Investing in rural land

Discover the latest 2026 Agrifrance report

18.06.2026
Picture of Benoit Lechenault

A market undergoing transformation 

We are once again pleased to present our annual outlook on the French rural land market. More than a simple analysis of trends, this report reflects the realities we observe daily on the ground.

Rural land is undergoing a profound transformation, driven by a rare combination of geopolitical, economic and environmental pressures. Recurrent crises are forcing all economic actors to adapt at an accelerated pace. The surge in energy costs is disrupting established balances and acting as a powerful catalyst, while climate change is no longer the sole driver of the energy transition.

Yet France and Europe retain strong structural advantages, including the diversity of their terroirs, the quality of their soils and the depth of their consumer markets—key factors that continue to shape long-term prospects. Against this backdrop, rural land markets are showing signs of a slowdown, with price corrections emerging in certain segments and regions. After decades of sustained growth, this adjustment is creating a window of opportunity for investors and new entrants. Lower prices are improving project visibility, easing barriers to entry and allowing for returns that are more closely aligned with underlying economic fundamentals.

At a time of heightened uncertainty, French rural land continues to stand out as a tangible, resilient and non-relocatable asset. At the same time, rising geopolitical tensions are bringing issues such as food and energy sovereignty back into focus. Far from being just a production asset, rural land is increasingly viewed as a strategic allocation—one that can serve as a store of value, a diversification tool and a means of intergenerational transfer, largely uncorrelated with other asset classes. In this rapidly evolving environment, expert guidance is essential to identify emerging trends and act accordingly, ensuring that this structural transformation becomes a source of long-term prosperity.

Signature of Benoit Lechenault

Head of Agrifrance – BNP Paribas Property SNC


After hitting a low point the previous year, French cereal production staged a strong rebound in 2025, reaching 63.3 million tonnes—up 16.9% compared with 2024. This recovery is largely driven by a marked improvement in yields, which rose by 13.5%. Wheat, in particular, illustrates this rebound, with average yields increasing sharply to 74.2 quintals per hectare in 2025, compared with 60.9 the previous year—an almost 22% increase.

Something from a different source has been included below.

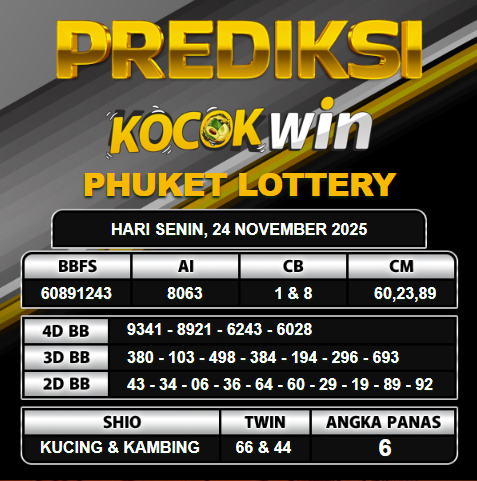 PREDIKSI TOGEL KOCOKWIN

However, in a context of abundant global harvests, cereal prices have moved lower, with soft wheat down 19% and maize declining by 8.6% year-on-year.

At the same time, oilseed production has also strengthened, reaching 6.5 million tonnes, up 10.7% over one year, supported by a significant rise in yields—especially for rapeseed, which recorded a more than 25% increase (36.7 quintals per hectare in 2025 compared with 29.2 in 2024). Despite this strong increase in production, price trends remain mixed, with rapeseed prices falling by 16.4% year-on-year, while sunflower prices have moved higher.


The European Union, which accounts for around 60% of global wine production, is expected to produce close to 140 million hectolitres in 2025. Despite a modest year-on-year increase of around 2%, volumes remain approximately 8% below their five-year average, highlighting the ongoing structural pressures facing the sector.

Italy, France and Spain continue to dominate the global wine industry in 2025. Italy retains its position as the world’s leading producer, with output estimated at around 47.3 million hectolitres—up roughly 7.3% compared with 2024, supported by favourable weather conditions across several regions, particularly in the south, including Sicily and Apulia. Spain ranks third among European producers, with output estimated at around 29.4 million hectolitres, down nearly 5% year-on-year. The country is enduring its third consecutive year of severe drought, resulting in one of the weakest harvests in decades and structurally lower yields.

France, for its part, is expected to produce around 36.2 million hectolitres in 2025, broadly stable compared with the previous year. However, production remains about 16% below its five-year average, reflecting continued challenges across the sector.


Despite an unstable international environment and persistent uncertainty, wood market activity remained relatively resilient in 2025. Strong demand driven by sustainable construction and energy needs supported prices in the second half of the year, although traded volumes showed a declining trend. At the same time, ongoing trade tensions continue to disrupt global flows, with potential implications for timber exchanges. The United States remains one of the world’s largest consumers of roundwood, while China and Vietnam play a central role as key importers and processors.